Meski waktu baru menunjukkan pukul 09.00, suasana Pasar Grabag di Purworejo, Jawa Tengah, pekan lalu sudah tampak sepi. Hujan rintik-rintik membuat pasar yang beralaskan tanah tersebut becek. Ada genangan air di sana-sini. ”Ya, beginilah kalau setiap kali hujan pasti tidak ada pembeli yang ke sini. Tak hanya karena becek, tetapi juga barang-barang yang kami jual rusak,” kata Mardiyah (50), salah seorang penjual sayuran.
Pagi itu Mardiyah mulai berjualan pukul 06.00. Meski sudah tiga jam, belum satu pun dagangannya laku.

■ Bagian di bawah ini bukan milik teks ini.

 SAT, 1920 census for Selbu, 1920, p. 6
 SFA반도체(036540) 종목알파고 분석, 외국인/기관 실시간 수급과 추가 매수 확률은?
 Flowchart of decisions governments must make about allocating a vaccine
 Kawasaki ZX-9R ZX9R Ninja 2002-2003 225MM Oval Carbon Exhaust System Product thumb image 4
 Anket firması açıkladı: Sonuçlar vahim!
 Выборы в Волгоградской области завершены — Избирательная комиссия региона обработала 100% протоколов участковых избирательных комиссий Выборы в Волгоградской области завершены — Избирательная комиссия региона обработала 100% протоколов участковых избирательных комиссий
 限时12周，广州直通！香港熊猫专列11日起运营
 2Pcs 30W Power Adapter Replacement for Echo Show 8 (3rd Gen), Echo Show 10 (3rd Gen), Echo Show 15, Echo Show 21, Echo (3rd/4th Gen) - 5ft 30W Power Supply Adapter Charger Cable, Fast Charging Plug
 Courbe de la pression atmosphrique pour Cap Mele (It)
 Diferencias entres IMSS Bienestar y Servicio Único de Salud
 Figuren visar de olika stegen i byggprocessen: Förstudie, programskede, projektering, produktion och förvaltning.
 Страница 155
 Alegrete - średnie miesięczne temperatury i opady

Padahal, kalau tidak becek, ia sudah bisa mengantongi minimal Rp 50.000. ”Biasanya yang laku hanya pedagang yang membangun sendiri kiosnya. Mereka bisa bangun kios jumlahnya tidak banyak, di pasar ini cuma ada tiga pedagang. Saya juga ingin membangun, tetapi duitnya dari mana?” katanya.
Suasana becek penuh lumpur juga memaksa Menteri Perdagangan, Mari Elka Pangestu memakai sepatu bot saat meninjau pasar tersebut. Pasar Grabag menjadi salah satu pasar yang direvitalisasi sekaligus pasar percontohan pada tahun ini. Tahun ini ada 120 pasar tradisional yang direvitalisasi dengan anggaran Rp 505 miliar.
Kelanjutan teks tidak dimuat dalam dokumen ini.